All I want for Christmas is a Railking Dash 8 WHOOPEE
Guess what. My wife said, instead of helping me with all the kids presents and all the shopping 
Why dont you go into the garden an play with your Dash 8?

http://www.youtube.com/watch?v=5nyYNX4KPR4

Anybody know if you can convert them to battery operation? I can go and join in with the live steam boys then...


----------



## TheLordsServant (Jul 7, 2008)

I've only heard of a handful of people who have converted DCS equipped engines to battery power. It seems the MTH system is just very unfriendly towards battery operation. Can it be done? Sure. I have heard of people placing a DCS TIU into a boxcar, and filling another boxcar with batteries, and then just wiring the whole thing together. Honestly, check out: rayman4449.dynip.com and contact him. He knows more about MTH One Gauge and DCS than any other ten people I know combined, and if there is a way to convert an MTH engine to battery power, he probably knows about it.


----------



## jmill24 (Jan 11, 2008)

*Raymond has a link to a how to make battery operation for MTH. Link is listed below. There is a rumor that MTH is thinking of a special TIU for battery operation. Really like the Dash 8, looks like it runs good, certianly sounds good...............Jim* 
http://www.rayman4449.dynip.com/MTH_Battery_Install.htm


----------



## Stan Cedarleaf (Jan 2, 2008)

I converted an MTH Challenger to batteries and contolled it with the DCS board in a following battery car. There's a complete post on it in the archives. I'll see if I can find it.

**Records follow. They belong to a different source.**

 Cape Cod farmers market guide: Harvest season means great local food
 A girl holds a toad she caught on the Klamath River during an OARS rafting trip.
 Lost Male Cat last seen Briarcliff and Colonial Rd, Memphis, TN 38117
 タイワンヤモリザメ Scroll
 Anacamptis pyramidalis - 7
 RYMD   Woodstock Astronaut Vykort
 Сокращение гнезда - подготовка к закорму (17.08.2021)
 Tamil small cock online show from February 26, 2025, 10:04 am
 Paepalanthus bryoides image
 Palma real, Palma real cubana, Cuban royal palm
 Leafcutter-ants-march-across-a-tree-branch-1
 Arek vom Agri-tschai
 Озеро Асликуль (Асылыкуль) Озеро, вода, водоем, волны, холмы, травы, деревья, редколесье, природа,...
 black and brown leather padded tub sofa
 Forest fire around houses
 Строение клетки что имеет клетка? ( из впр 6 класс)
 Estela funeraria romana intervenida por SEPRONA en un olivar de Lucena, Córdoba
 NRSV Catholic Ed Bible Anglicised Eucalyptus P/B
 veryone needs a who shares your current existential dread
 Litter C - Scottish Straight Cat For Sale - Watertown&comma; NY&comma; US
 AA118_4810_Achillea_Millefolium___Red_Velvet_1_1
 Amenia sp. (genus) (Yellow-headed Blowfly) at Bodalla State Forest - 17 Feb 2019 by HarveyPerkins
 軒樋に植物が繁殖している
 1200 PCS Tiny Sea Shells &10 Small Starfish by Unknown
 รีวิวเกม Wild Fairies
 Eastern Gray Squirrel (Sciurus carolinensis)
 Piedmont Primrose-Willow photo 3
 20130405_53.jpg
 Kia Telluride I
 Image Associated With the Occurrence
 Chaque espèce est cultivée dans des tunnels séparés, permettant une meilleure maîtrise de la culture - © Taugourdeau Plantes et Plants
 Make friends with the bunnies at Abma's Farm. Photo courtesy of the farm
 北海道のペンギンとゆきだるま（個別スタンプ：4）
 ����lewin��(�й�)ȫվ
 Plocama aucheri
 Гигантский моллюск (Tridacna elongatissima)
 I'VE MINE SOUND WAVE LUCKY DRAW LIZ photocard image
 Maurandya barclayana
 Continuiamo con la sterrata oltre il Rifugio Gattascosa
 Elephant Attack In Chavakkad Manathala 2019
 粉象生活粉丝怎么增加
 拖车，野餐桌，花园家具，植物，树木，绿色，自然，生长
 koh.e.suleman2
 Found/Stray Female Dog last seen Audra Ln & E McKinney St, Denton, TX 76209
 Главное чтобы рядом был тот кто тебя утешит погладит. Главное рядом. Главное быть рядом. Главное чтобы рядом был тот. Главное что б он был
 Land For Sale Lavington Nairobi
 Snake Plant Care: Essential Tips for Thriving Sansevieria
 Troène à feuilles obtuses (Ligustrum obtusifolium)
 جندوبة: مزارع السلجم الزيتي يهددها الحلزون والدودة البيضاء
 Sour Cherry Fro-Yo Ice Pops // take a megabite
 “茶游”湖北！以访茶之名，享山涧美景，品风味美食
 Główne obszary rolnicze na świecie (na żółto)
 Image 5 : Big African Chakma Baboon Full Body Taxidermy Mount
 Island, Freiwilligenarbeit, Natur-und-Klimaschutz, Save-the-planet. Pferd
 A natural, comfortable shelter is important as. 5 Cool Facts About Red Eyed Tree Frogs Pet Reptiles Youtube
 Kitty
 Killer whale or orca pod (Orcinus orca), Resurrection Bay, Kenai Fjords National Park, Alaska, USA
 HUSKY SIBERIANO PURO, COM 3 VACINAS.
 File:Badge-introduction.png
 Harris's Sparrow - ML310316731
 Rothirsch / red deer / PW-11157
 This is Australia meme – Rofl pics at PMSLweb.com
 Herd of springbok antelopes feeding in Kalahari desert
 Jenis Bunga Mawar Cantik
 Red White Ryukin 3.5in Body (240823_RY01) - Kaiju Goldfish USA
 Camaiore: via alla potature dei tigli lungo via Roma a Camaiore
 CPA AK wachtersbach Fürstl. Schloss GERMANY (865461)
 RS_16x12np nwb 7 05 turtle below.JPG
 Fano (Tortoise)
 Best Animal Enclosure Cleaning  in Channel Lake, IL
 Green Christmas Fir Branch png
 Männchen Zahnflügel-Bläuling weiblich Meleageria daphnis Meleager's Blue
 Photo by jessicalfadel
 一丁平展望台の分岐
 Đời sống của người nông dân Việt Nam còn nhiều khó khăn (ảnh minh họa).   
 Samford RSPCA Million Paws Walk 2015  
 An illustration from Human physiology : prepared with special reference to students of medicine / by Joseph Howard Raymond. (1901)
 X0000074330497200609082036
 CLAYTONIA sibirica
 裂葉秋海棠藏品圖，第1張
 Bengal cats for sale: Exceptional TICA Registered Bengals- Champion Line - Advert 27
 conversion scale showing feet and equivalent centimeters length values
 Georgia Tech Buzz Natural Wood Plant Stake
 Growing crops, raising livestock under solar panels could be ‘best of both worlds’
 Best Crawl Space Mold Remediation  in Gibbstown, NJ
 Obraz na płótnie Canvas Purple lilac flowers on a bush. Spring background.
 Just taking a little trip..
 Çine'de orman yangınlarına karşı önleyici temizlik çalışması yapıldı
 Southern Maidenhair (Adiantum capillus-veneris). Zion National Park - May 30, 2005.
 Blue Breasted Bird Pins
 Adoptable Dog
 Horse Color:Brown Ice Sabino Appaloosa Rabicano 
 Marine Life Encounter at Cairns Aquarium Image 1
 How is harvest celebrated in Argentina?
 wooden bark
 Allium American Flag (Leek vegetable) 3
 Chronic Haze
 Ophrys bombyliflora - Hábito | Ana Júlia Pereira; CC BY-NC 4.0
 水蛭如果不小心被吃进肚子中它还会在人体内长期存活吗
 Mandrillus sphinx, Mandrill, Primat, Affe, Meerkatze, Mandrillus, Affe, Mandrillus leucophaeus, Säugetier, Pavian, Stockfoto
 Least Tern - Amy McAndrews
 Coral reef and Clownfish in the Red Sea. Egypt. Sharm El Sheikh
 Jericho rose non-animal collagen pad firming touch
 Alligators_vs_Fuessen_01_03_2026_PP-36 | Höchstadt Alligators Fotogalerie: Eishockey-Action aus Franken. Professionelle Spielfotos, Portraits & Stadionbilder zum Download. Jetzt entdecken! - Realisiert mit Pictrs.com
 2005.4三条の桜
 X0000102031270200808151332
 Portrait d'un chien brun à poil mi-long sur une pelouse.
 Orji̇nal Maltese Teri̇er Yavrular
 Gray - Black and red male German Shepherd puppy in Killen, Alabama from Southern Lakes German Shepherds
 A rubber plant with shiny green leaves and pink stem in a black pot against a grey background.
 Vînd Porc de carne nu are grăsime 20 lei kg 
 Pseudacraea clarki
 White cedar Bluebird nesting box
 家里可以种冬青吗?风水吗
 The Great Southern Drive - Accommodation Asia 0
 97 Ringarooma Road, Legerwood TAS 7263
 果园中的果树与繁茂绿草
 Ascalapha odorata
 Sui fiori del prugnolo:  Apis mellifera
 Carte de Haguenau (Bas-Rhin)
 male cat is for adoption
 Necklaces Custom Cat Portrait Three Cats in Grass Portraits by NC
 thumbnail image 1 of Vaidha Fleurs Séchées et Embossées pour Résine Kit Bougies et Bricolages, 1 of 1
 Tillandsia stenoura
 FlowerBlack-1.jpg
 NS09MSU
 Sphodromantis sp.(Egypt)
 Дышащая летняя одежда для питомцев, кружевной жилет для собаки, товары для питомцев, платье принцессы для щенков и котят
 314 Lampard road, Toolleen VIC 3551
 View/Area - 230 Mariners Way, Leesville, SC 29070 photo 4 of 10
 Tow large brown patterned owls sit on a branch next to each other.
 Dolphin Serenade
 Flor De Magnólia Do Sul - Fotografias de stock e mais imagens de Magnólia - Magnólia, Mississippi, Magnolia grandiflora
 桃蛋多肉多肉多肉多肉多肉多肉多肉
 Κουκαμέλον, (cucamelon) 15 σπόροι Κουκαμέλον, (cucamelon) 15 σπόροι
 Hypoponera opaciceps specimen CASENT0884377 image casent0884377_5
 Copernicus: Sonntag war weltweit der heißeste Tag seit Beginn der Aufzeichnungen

Here 'tis.... MTH CHallenger Conversion it's on page 9 of the archives and go to 22 Jun 2007 and you'll see it.... 

and the TIU.... TIU In a Box Car.  it's on page 7 at 7 August 2007


----------



## jlinde (Jan 2, 2008)

Wonderful film. I've always loved your layout - great combination of elevated + scale detail. Is there anywhere I can see additional photos of it in its entirety? Cheers, Jon Linde


----------